New Year's Invitations 2014
This is what I'm doing today, sending invitations to that which I want in my life in 2014.
I'm inviting many of the same things this year as I did last. Most of them came to the party, although the party of the year 2013 was definitely not as joyful or big or lively as I'd planned. In fact, much of it was filled with sadness, anxiety, frustration, despair.
In June, my brother became critically ill, had a major stroke in ICU on top of septic shock and, at 59, is in a nursing home facing huge challenges and hurdles. He was already disabled, unemployed, poor, going to school to try to learn something he could make a small living doing. He was living on student loans. Now what little he had is gone, the whole fabric of the little life he was creating for himself, shredded. I am hundreds of miles away. I wrestle again with the issue of suffering, of how we manage to engage with joy in our own lives when someone we love is struggling, suffering, losing so much.

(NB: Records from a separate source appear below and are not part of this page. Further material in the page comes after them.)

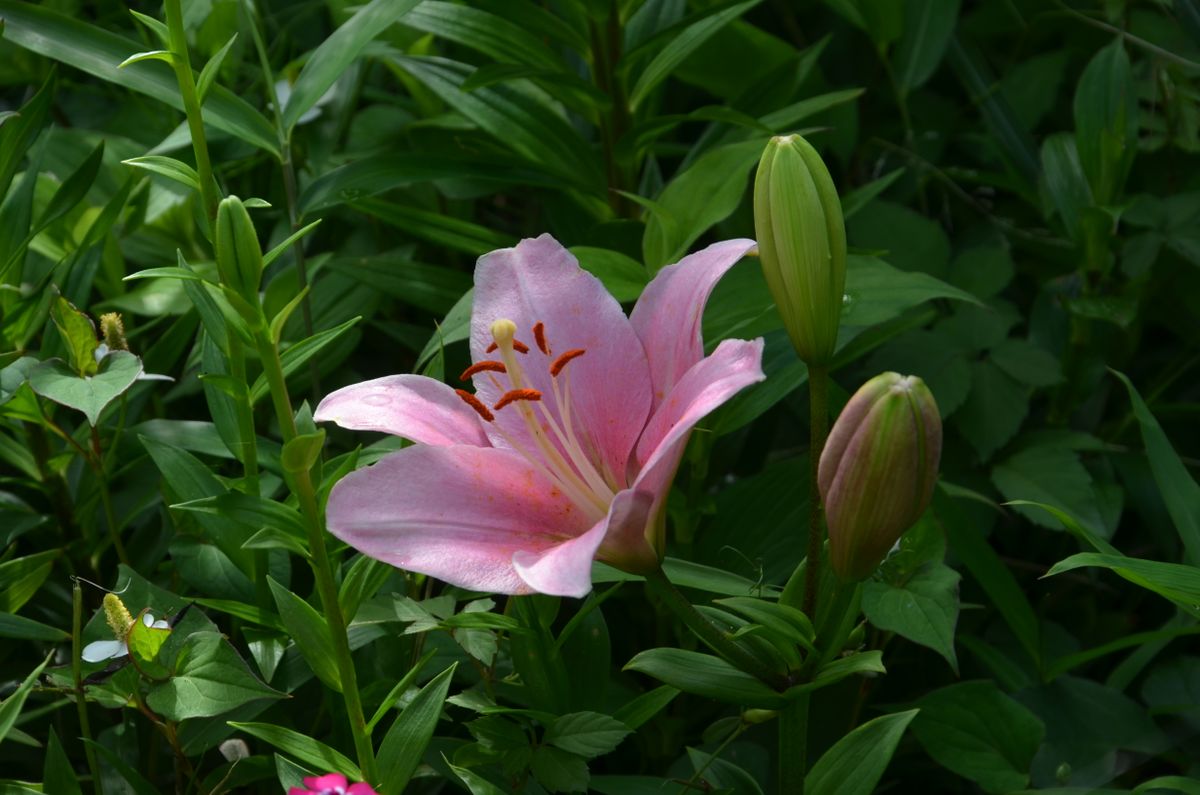 百合が咲きました！　梅雨の晴れ間のうれしい花です。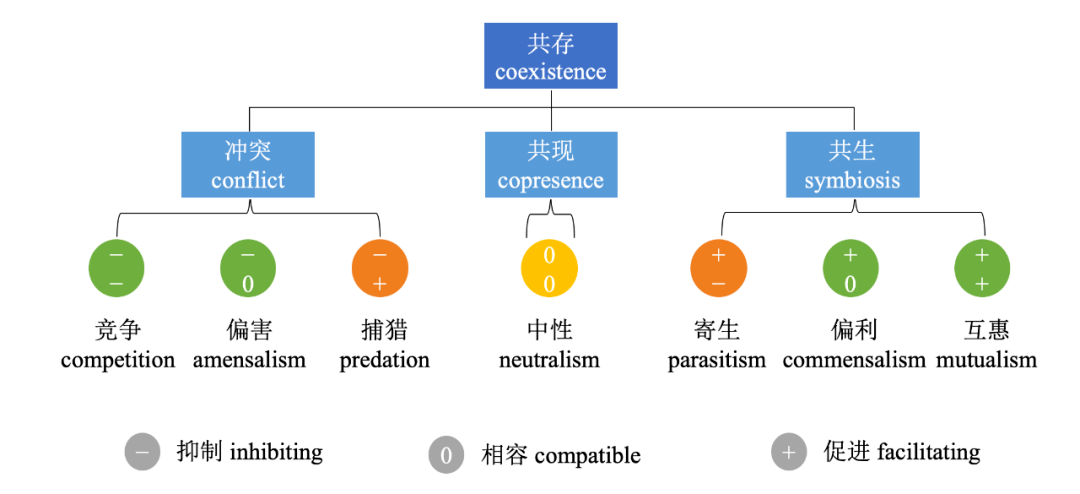 扎西桑俄高煜芳青藏高原的人和棕熊如何共存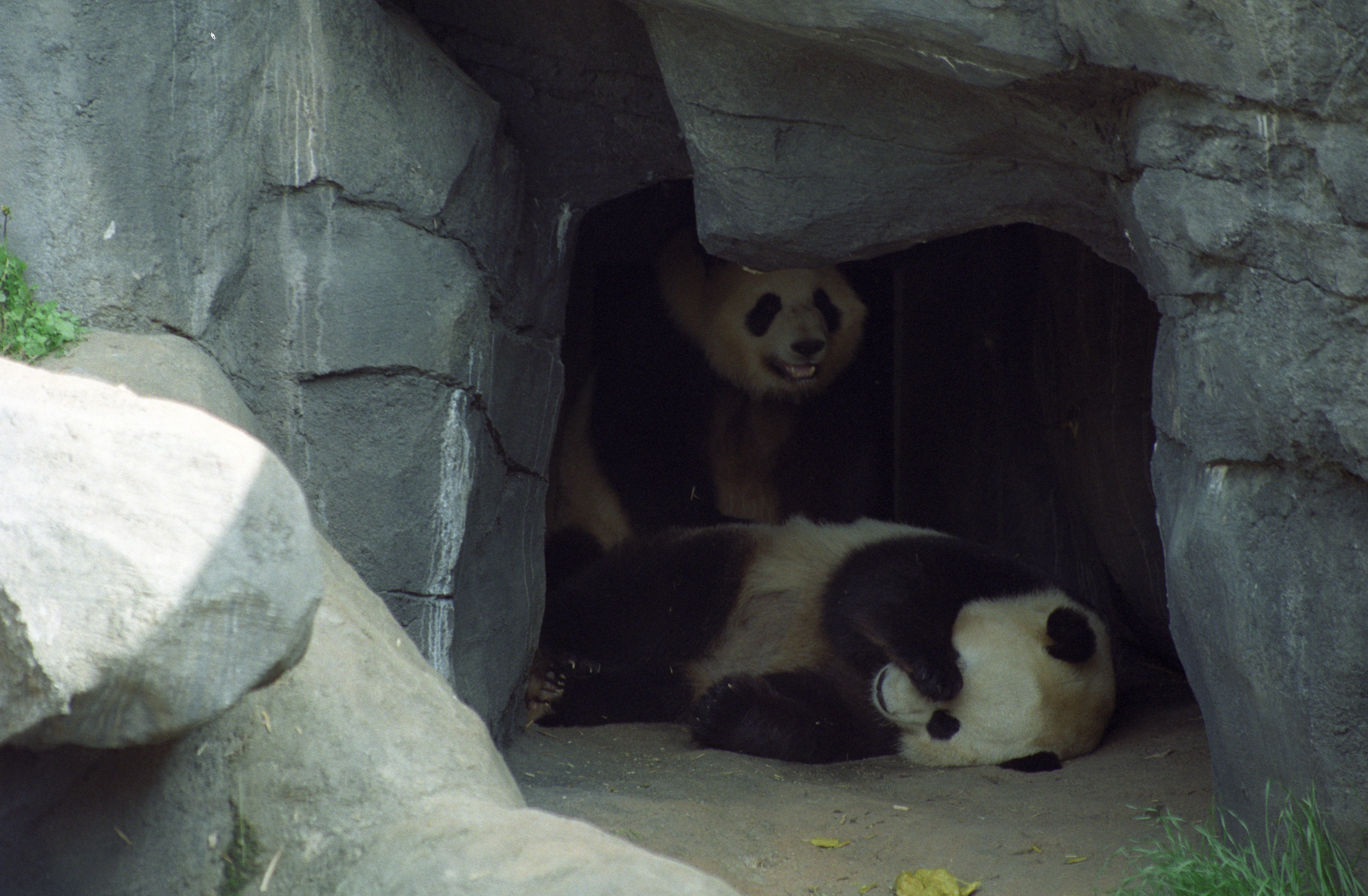 Zoo Atlanta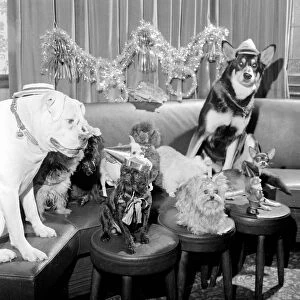 A party for dogs was held at the Devenshire Arms, Moreton Street, Pimlico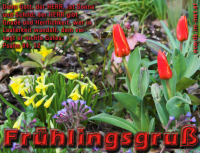 Frühlingsgruß
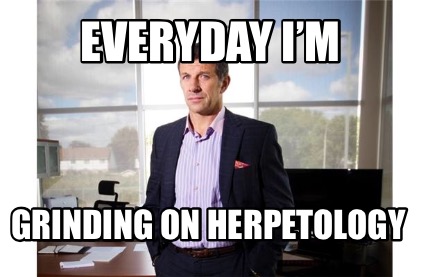 everyday-im-grinding-on-herpetology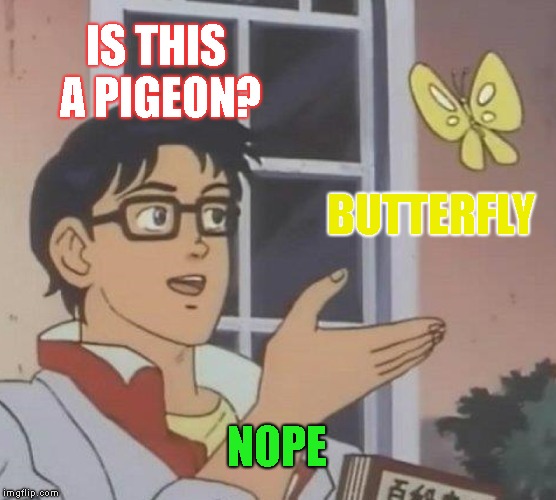 No, its a pigeon | IS THIS A PIGEON? BUTTERFLY; NOPE | image tagged in memes,is this a pigeon | made w/ Imgflip meme maker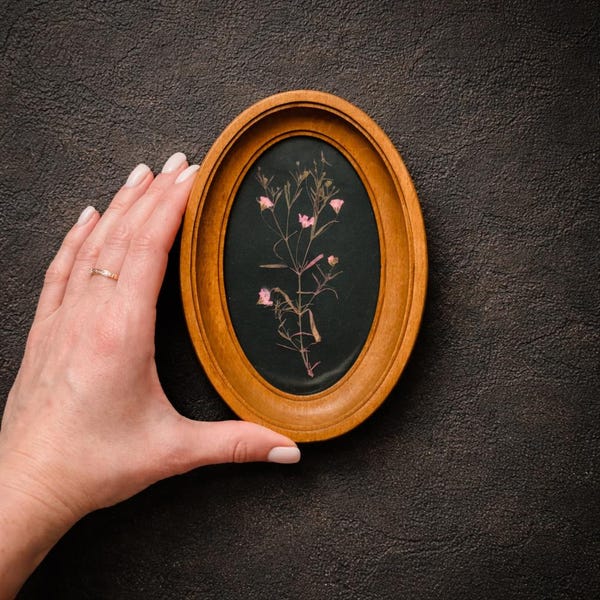 Pressed flower in a 3x5 inch oval frame, botanical panel, dried flower decor, wall hanging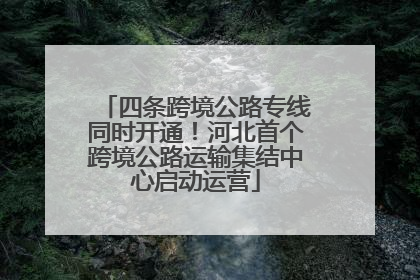 四条跨境公路专线同时开通！河北首个跨境公路运输集结中心启动运营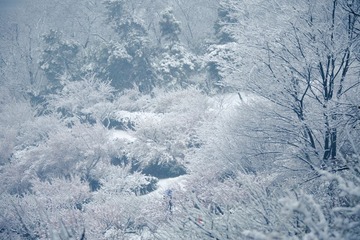 _L3A9435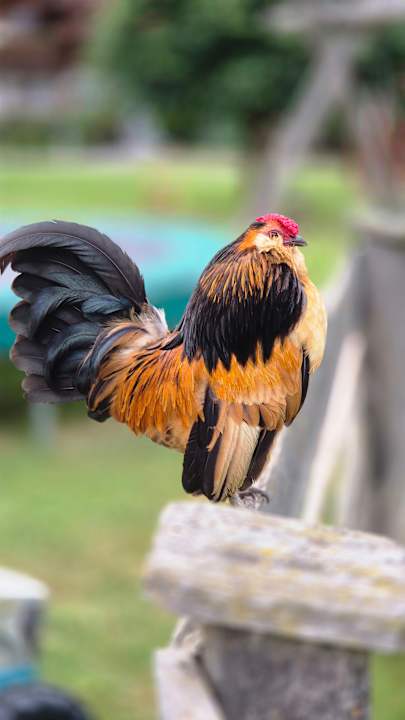 Gartenanlage Familienferienhof Wenighof
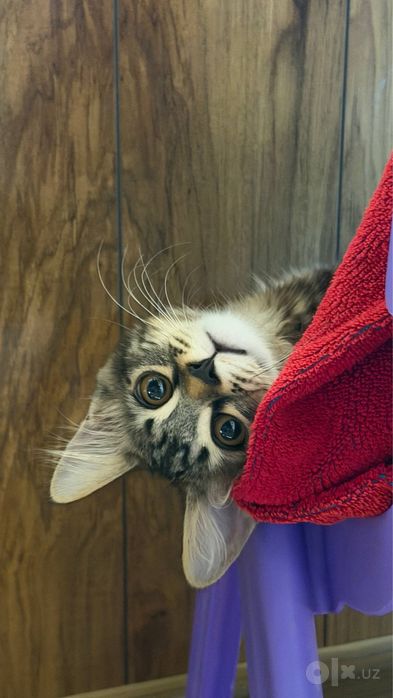 Кошка и котенок ищут новый дом!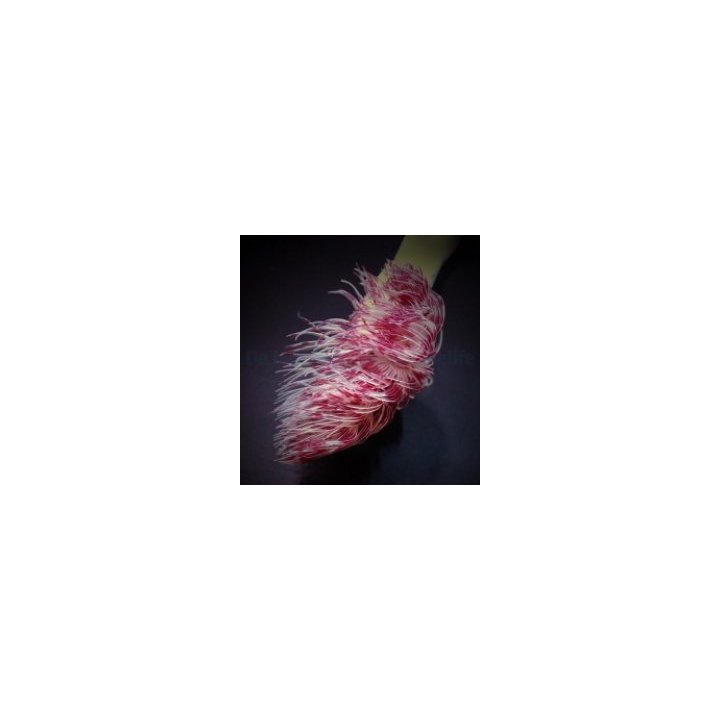 Protula bispiralis (Red-White) | tubeworm | Akvaariokeidas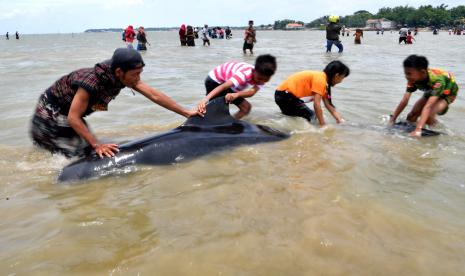 Warga menarik Paus Pilot Sirip Pendek (Globicephala macrorhynchus) yang terdampar di Pantai Modung, Bangkalan, Jawa Timur, Jumat (19/2/2021). Sekitar 52 ekor Paus Pilot Sirip Pendek terdampar di pantai itu, tiga diantaranya berhasil diselamatkan dan sisanya sebanyak 49 mati.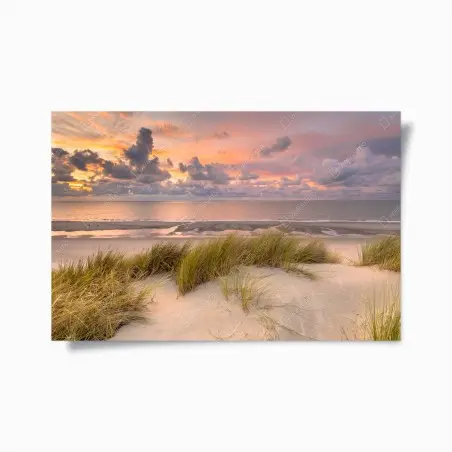 Poster coucher de soleil sur les dunes de Zélande – Wallnifity®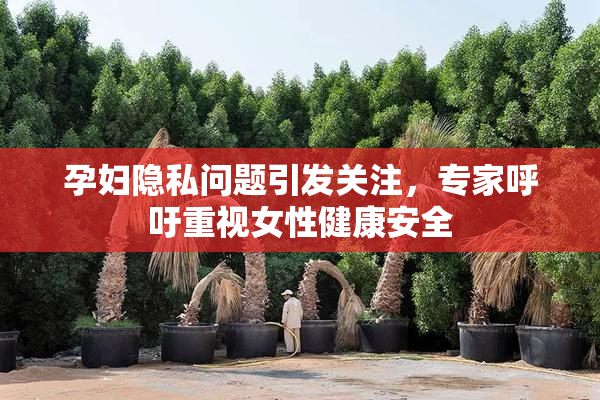 孕妇隐私问题引发关注，专家呼吁重视女性健康安全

I do not know The Answer. I just keep juggling, reframing, centering myself. And I pray a lot. I keep a lot inside - so it might surprise people to know just how much pain I am in - on a daily basis - over my brother's situation and my inability to do anything to change it significantly.
The other issues I faced in 2013 are insignificant by comparison with what happened to my brother. I'll save my frustration for my private journal, though I know sometimes that others find it useful to see their own frustrations are not unique, but shared.
I'll just say that I struggle with the way I use (or don't use) my time. I should have a lot more to show for the year's work than I do.
So. Breathing deeply. One thing I rarely lose: Hope. Capital-H Hope. And I am embracing this day as a day of quiet ritual, of active, moving affirmations devoted to the things I want in my life.
meditation
writing
fiber art
functional space (making this is what I do instead of 'decluttering')
clean hair
clean diet
tarot
drumming
tai chi, lots of movement
self-care simplified
Lately, I have been knitting these LOOOOOOONNNNNNG scarves.
Not as long as any of the Dr. Who scarves, but perhaps 7 feet. Haven't measured yet. Garter stitch, big needles, cotton & silk-rich Noro yarns . A little stockinette here and there to break up the garter. But utterly simple knitting overall. I won't say I meditate the whole time I am knitting these, but often enough that I am coming to think of them as my meditation.
And I am loving wearing the long scarf, the smooshiness of the big stitches, the generous wrap of beautiful fibers at my neck, the insouciant long swath of colors dangling down my body. Sounds like I'm writing an etsy description and I just may - may- have a shop opened this year. We shall see.
Meanwhile, I am just knitting right now. Thinking long thoughts. Meditating.
Inviting a few good things to a small party.